Herodias, by virtue of her own connections, is exempt from this exile. Nevertheless, and perhaps surprisingly, she chooses to stay with Herod, and both of them disappear from historic record. Herod and Herodias play out their love story to the end and perhaps this one sacrificial gesture ennobles her at last.
The drama of John's beheading and the crucifixion of Jesus are minor events in the passionate love story of Herod and Herodias.
Here is where my awkward sympathy lies with Herod. Are Jesus and John the Baptist footnotes to my own passions and the dramas of my own personal history?
Do I not make choices every day like Pilate and Herod, appeasing others, acquiescing to my culture, societal expectations, and to maintain my standard of living? Do I accept the way things are with such studied ignorance and self-interest? Is my love for God, for justice, for the kingdom, as powerful as my devotion to distractions, glittering things, and self-preservation?

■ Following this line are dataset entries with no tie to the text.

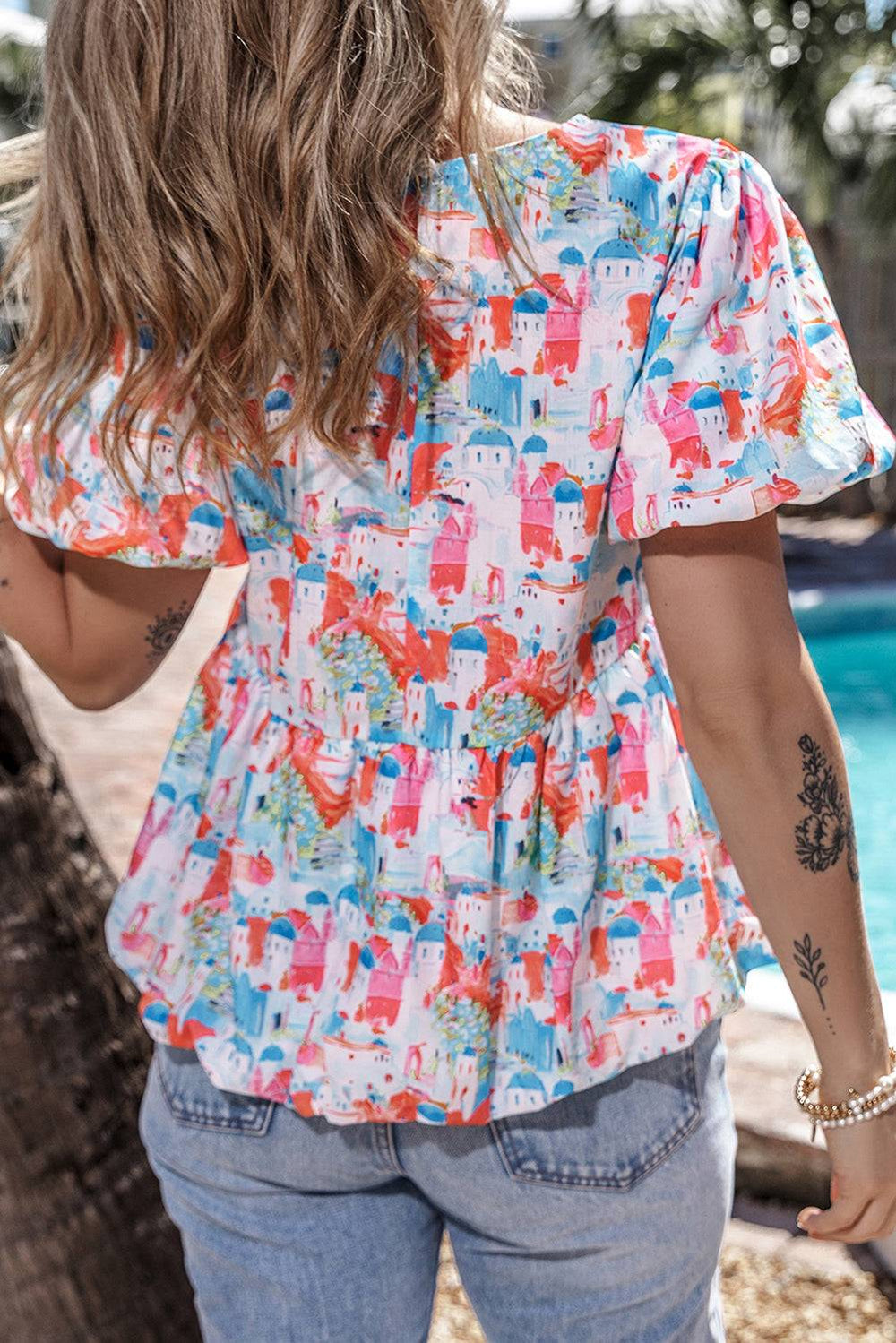 a woman with a tattoo on her arm standing next to a pool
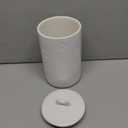 Dog Treat Container Airtight - 5 Inch Wide x 9 Inch Tall Ceramic Dog Treat Jar for Kitchen Counter with Airtight Lid - 7 Cup Capacity Pet Treat Container - Cute Doggie Cookie Jar - Big Treats Canister (White)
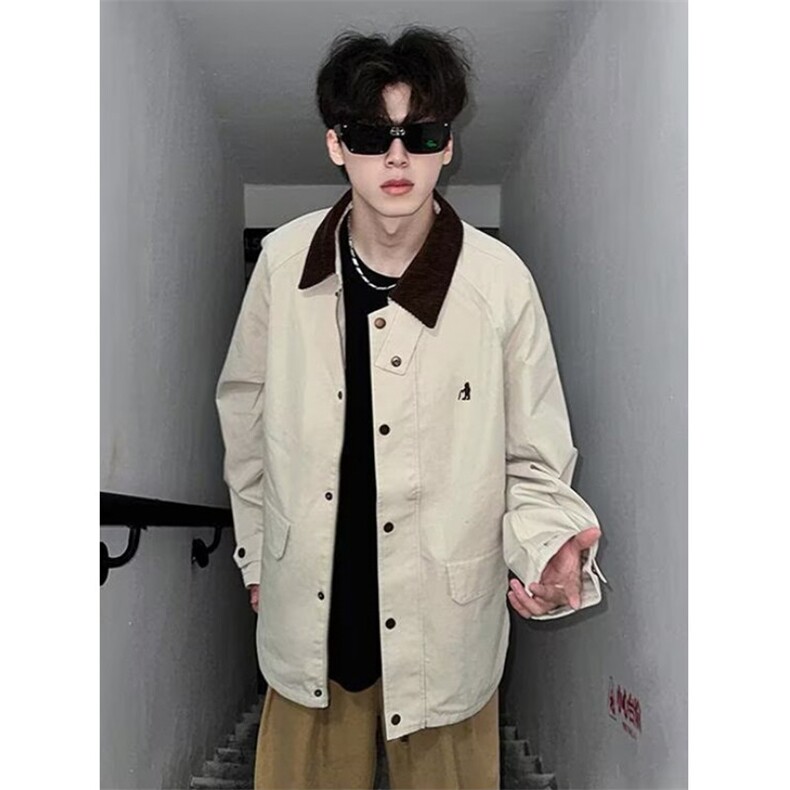工装夹克男2025春季美式哈灵顿翻领外套高级感衣服JW6503,男装夹克,星座1116A（原606A-3）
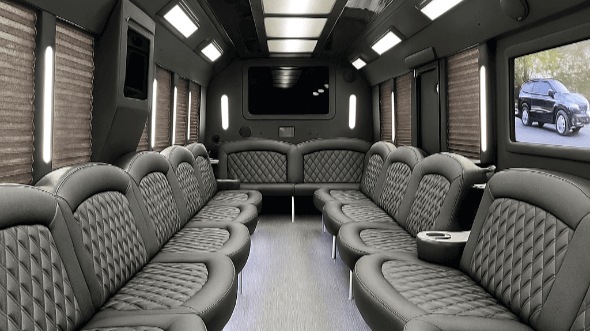 Interior of Charter Bus Company Norfolk's 28 Passenger Party Bus in Norfolk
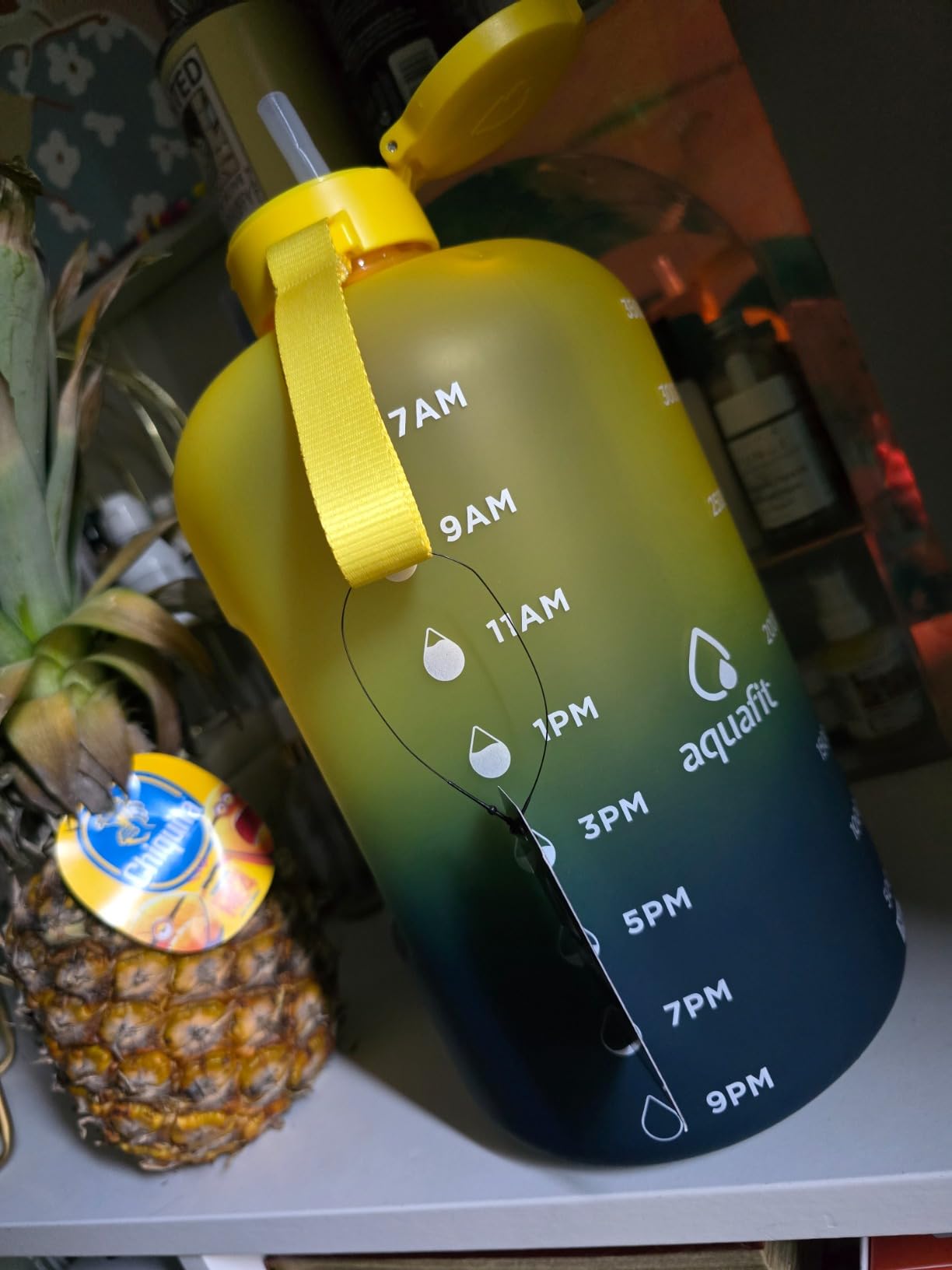 AQUAFIT 1 Gallon Water Bottle with Time Marker | BPA Free 128 oz Water Bottle with Straw and Chug Lids - Leakproof Gym Water Bottle with Carry Handle customer photo 1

Will I end my days torn between two loves - one worldly - and the other drawing me toward the eternal heart of the universe? This eternal love calls to me in the wilderness of my soul - repent, forsake your sins, and prepare the way for the Holy One of God.
Is my love for God as strong as death?
*“What is truth?” Anagrams were popular with Romans of antiquity. For example, Pilate used “Quid est veritas” (What is truth?), an anagram of "Est vir qui adest" (It is the man who is here).
The Dance of Salome, Gozolli, 1461-62
SALOME [Kneeling.]
I would that they presently bring me in a silver charger . .
HEROD [Laughing.] In a silver charger? Surely yes, in a silver charger. She is charming, is she not? What is it that thou wouldst have in a silver charger, O sweet and fair Salome, thou that art fairer than all the daughters of Judæa? What wouldst thou have them bring thee in a silver charger? Tell me. Whatsoever it may be, thou shalt receive it. My treasures belong to thee. What is it that thou wouldst have, Salome?